- DATA FOR THIS EXERCISE -
· · ·
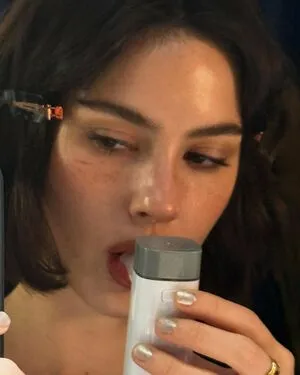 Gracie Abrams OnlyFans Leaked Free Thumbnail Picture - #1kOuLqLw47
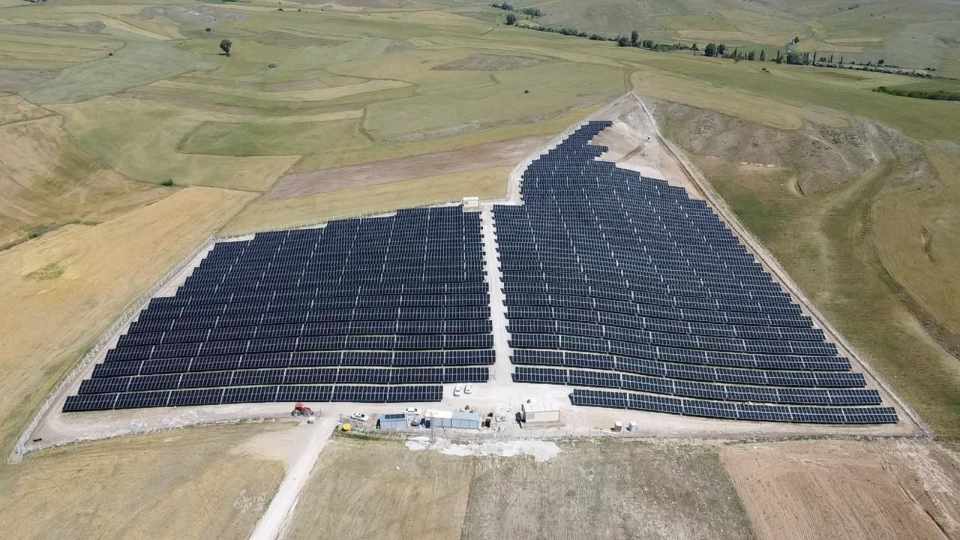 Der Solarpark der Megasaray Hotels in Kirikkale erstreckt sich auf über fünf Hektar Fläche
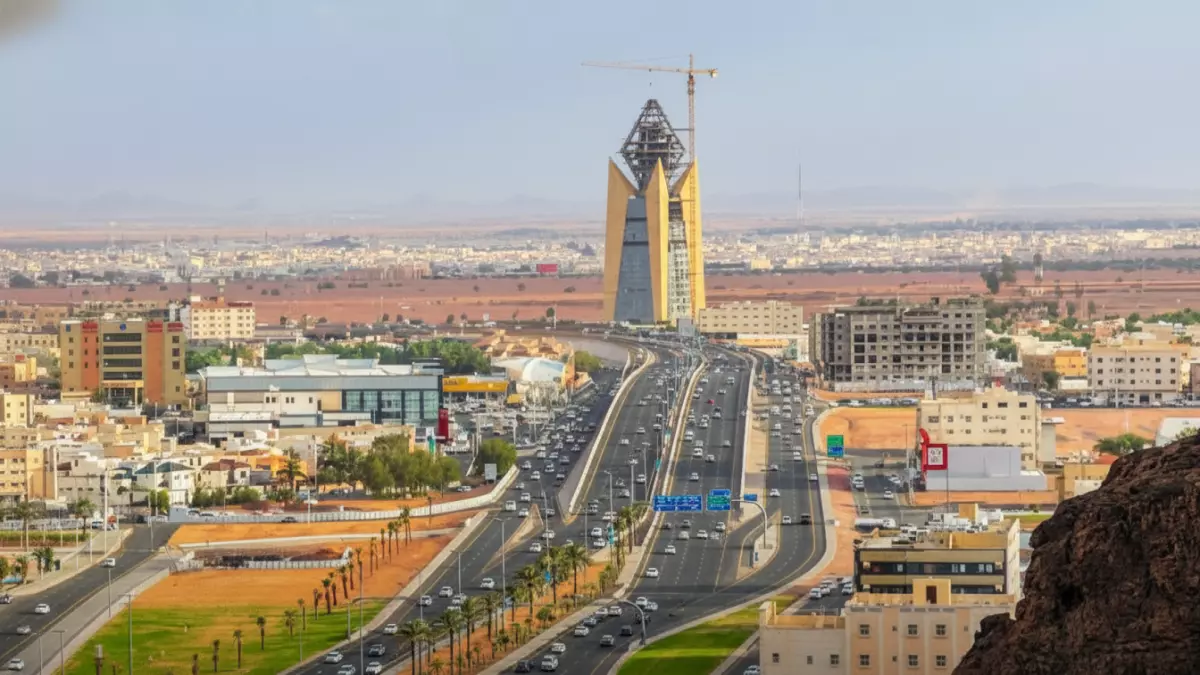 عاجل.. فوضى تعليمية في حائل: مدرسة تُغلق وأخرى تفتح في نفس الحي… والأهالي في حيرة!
· · ·
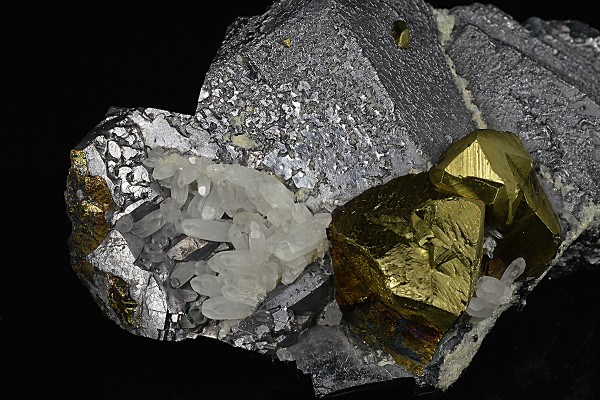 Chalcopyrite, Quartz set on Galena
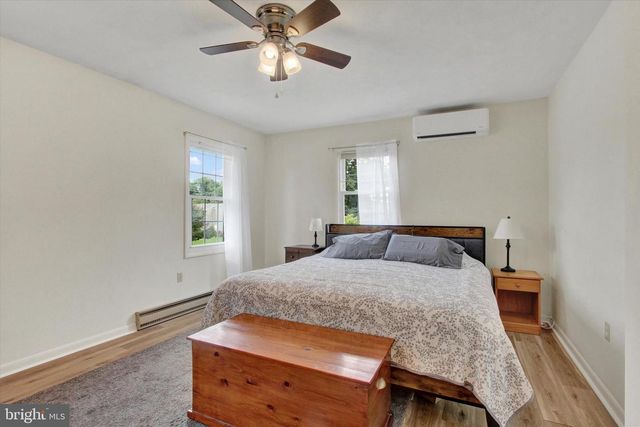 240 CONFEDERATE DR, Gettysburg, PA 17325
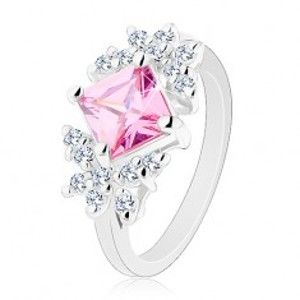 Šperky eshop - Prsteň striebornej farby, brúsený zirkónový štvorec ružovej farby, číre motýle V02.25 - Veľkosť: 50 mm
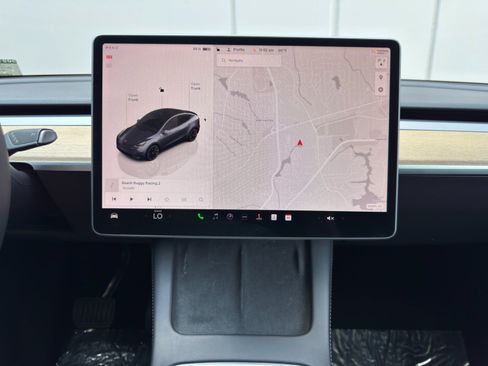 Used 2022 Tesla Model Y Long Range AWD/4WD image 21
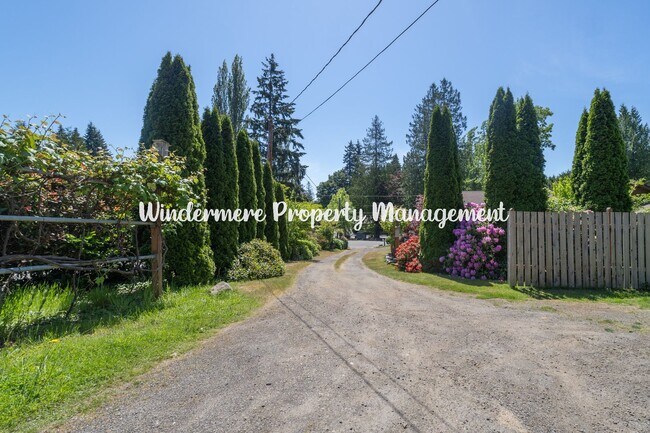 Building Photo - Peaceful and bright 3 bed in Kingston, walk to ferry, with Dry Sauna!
· · ·
- WHAT THE TASK REQUIRES -
Write out word for word the lines of the listing above from the line with "Gracie Abrams OnlyFans" to the line with "عاجل.. فوضى تعليمية", taking in both of those lines but no pictures.

- TASK SOLUTION -
 Gracie Abrams OnlyFans Leaked Free Thumbnail Picture - #1kOuLqLw47
 Der Solarpark der Megasaray Hotels in Kirikkale erstreckt sich auf über fünf Hektar Fläche
 عاجل.. فوضى تعليمية في حائل: مدرسة تُغلق وأخرى تفتح في نفس الحي… والأهالي في حيرة!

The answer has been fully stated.